It was at the back of my mind, certainly.

The way that they put the sub-assemblies together, slotted them into the hull and then put the hull segments together matched up nicely with my 'minds-eye' visualisation of how a yard might work in the 3I.

For 'standard' ships like the fat-trader etc I would expect that spaces such as crew/passenger quarters would occupy set volumes within the hull but would then exhibit considerable variation in terms of internal layout and could also be quite reconfigurable (if you were willing to spend a day or so moving partitions and moving stuff in to/out of storage). There's only so many deckplans that can be done however...

Regards
Luke
I have always seen the older ship types like the A/A2 that date back to Villanie times as "DIN Norm in space/hammered in stone on Mount Sinai" due to Vilanie/Impi conservatism. So the deck plan of any two Free/Far Traders just of the line will be almost identical.

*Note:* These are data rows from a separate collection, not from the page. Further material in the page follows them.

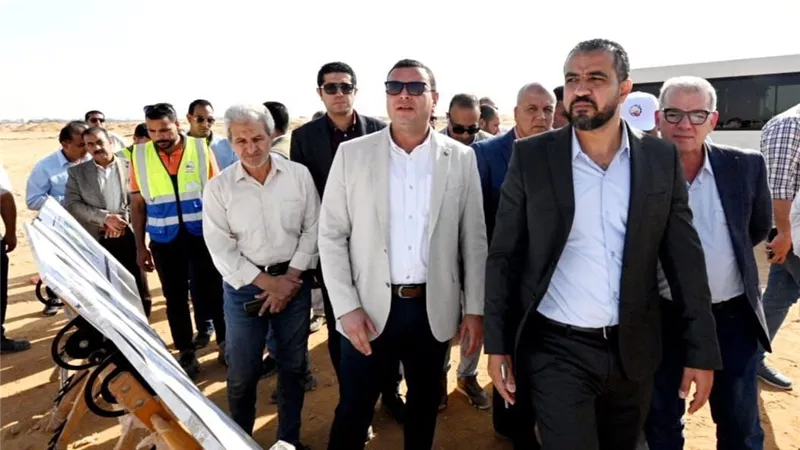 وزير الإسكان يتفقد الطرق والمرافق بمنطقة الأمل بمدينة العبور الجديدة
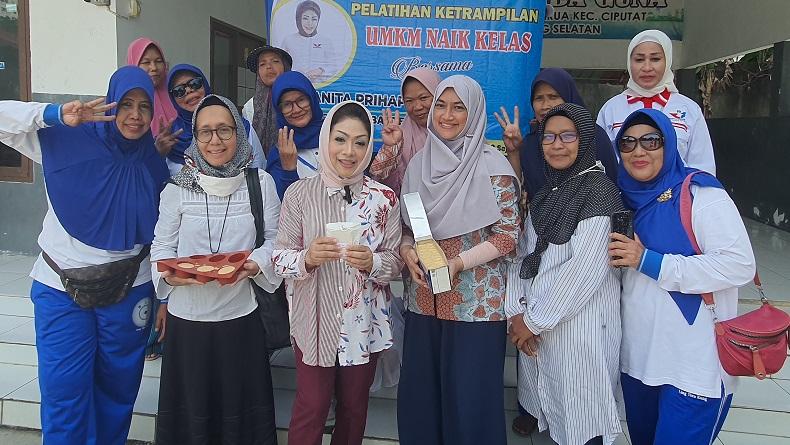 Caleg Perindo Dyah Anita Gelar Pelatihan Pembuatan Sabun di Ciputat, Berdayakan Emak-emak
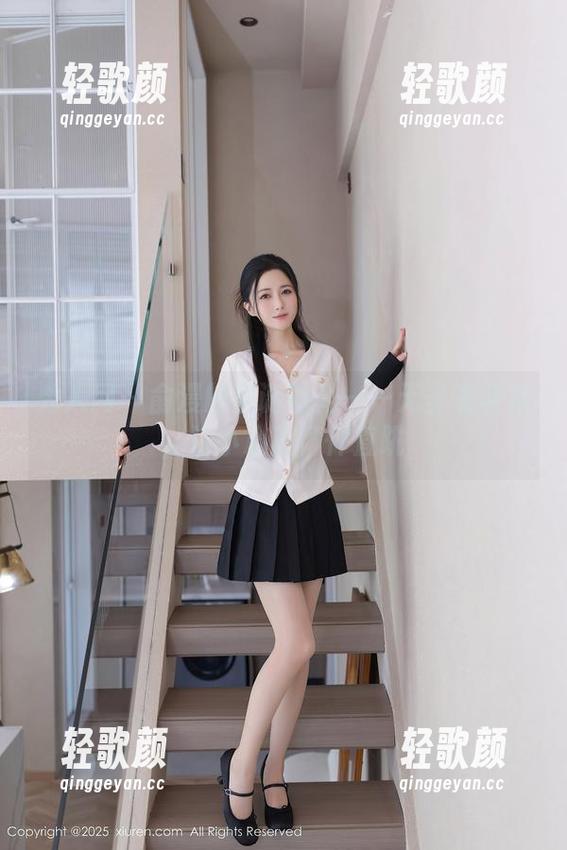秀人网 - 俞漫的圣诞时光——无圣光合集，让小心脏怦怦直跳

The "Solomanie" influenced ships OTOH like the Subbies (400dton, 600dton) and the Solli ships themselfs are a lot more flexible during build. They have some set components (Bridge, Engineering) due to technical/structural reasons but between those bulkheads a lot goes when a ship is first build.

Changing a ships layout AFTER completion is a different thing. Depending on the number of bulkheads (Basically unmoveabel short of a Class B yard, may be structural elements IMHO) there may be little variation possible. Playing around with holdspace will work since that is an "open cavern"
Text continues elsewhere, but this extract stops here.